- Required work: Find all lines below containing the string "from" and return them.

————————

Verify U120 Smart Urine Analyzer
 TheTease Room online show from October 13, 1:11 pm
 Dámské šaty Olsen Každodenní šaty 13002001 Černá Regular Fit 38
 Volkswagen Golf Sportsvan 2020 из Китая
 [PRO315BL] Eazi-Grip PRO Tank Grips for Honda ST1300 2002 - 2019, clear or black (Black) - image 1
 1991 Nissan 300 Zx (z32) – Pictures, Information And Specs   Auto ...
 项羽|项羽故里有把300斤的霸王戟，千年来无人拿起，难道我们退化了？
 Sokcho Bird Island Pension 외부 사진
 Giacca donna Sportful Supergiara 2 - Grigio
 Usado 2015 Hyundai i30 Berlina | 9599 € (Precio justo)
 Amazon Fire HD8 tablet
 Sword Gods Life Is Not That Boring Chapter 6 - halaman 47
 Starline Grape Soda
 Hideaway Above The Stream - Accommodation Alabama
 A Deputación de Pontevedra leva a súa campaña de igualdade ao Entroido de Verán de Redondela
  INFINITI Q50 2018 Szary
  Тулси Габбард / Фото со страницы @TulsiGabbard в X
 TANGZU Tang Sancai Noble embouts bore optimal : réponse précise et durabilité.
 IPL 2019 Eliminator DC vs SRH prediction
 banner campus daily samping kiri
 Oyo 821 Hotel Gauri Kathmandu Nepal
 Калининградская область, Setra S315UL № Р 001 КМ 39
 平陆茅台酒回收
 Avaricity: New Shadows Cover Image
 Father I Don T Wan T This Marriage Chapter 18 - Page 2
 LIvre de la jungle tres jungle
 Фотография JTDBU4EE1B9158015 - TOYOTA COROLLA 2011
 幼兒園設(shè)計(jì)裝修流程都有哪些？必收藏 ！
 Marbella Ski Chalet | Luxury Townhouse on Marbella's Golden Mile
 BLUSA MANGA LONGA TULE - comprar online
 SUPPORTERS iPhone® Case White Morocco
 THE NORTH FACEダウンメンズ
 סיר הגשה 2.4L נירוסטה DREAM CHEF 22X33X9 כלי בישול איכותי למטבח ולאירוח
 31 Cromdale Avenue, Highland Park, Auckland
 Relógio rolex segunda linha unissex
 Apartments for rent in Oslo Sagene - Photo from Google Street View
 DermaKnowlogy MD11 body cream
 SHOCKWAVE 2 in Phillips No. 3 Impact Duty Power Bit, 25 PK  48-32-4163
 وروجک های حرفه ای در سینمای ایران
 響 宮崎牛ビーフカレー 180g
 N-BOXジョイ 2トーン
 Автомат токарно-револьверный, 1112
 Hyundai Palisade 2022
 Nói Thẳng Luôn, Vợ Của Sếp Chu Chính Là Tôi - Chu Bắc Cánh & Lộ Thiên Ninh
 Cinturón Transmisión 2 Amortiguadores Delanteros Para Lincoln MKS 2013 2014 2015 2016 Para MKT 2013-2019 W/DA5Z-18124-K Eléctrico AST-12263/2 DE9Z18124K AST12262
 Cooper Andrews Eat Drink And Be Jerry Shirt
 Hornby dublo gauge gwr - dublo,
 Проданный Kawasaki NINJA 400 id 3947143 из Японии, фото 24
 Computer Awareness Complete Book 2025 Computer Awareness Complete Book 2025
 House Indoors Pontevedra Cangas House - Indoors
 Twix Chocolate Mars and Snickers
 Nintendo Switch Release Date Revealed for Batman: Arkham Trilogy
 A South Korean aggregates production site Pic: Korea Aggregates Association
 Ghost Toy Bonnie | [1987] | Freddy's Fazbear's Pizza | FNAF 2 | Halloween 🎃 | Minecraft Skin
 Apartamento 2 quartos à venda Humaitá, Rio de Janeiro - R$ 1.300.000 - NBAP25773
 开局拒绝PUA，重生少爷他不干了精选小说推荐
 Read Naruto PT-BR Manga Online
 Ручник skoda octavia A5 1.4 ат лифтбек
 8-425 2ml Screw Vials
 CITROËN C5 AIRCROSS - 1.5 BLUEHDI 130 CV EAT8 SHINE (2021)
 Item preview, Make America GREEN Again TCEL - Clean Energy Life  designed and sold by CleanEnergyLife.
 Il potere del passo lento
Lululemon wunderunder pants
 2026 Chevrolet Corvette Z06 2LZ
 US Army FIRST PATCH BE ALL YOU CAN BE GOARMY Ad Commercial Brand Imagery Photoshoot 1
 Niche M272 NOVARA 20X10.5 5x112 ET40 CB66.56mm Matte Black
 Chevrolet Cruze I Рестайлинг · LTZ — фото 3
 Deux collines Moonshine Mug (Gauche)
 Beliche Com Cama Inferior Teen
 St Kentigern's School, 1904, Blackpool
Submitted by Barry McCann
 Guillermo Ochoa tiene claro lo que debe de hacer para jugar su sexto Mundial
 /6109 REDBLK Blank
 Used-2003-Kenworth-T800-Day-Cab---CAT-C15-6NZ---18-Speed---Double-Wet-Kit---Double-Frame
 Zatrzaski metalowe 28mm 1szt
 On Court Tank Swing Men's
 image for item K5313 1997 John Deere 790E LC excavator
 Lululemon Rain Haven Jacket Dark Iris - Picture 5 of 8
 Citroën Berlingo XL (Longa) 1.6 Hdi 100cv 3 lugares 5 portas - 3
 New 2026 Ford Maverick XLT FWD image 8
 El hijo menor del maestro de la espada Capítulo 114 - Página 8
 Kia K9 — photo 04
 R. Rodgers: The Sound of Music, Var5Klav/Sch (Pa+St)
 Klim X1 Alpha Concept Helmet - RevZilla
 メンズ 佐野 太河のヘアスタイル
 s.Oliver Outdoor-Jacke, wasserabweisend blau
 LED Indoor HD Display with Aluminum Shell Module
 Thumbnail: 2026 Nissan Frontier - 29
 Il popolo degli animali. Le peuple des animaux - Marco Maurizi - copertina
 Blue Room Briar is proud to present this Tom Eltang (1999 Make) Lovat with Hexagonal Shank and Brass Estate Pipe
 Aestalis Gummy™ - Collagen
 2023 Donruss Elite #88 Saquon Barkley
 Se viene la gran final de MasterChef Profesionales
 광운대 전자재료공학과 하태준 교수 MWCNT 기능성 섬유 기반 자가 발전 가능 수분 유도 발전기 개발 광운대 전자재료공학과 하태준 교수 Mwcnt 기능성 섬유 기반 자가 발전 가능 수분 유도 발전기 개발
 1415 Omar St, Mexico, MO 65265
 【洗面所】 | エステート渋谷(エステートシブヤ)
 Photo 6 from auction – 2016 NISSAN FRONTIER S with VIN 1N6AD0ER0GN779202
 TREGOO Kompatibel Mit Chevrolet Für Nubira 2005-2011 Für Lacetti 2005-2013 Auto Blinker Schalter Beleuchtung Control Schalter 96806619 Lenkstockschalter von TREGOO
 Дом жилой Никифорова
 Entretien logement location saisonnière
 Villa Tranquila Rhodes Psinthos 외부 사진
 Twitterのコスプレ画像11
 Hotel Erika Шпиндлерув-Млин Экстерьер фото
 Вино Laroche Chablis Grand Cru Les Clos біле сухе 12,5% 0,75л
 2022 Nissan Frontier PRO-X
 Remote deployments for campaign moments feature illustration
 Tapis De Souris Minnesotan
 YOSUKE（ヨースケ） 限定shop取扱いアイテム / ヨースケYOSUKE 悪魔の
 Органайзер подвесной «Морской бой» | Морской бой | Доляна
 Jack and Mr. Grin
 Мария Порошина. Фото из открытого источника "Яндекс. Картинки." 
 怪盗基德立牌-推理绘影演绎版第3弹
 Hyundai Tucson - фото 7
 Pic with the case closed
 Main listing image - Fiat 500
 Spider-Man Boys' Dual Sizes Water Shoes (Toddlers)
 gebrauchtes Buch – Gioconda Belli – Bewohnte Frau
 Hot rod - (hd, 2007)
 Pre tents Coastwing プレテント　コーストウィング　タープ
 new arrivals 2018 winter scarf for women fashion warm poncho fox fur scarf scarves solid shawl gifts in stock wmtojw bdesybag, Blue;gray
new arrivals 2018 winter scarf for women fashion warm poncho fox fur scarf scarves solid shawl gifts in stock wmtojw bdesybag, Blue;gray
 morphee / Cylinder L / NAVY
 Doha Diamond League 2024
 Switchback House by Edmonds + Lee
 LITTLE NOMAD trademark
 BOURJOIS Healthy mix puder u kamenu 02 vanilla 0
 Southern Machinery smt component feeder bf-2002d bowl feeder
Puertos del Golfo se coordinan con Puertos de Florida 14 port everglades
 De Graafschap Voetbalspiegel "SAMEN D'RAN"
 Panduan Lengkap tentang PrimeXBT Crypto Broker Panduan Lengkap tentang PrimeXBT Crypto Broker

————————

- Exercise output:
 TheTease Room online show from October 13, 1:11 pm
 Apartments for rent in Oslo Sagene - Photo from Google Street View
 Photo 6 from auction – 2016 NISSAN FRONTIER S with VIN 1N6AD0ER0GN779202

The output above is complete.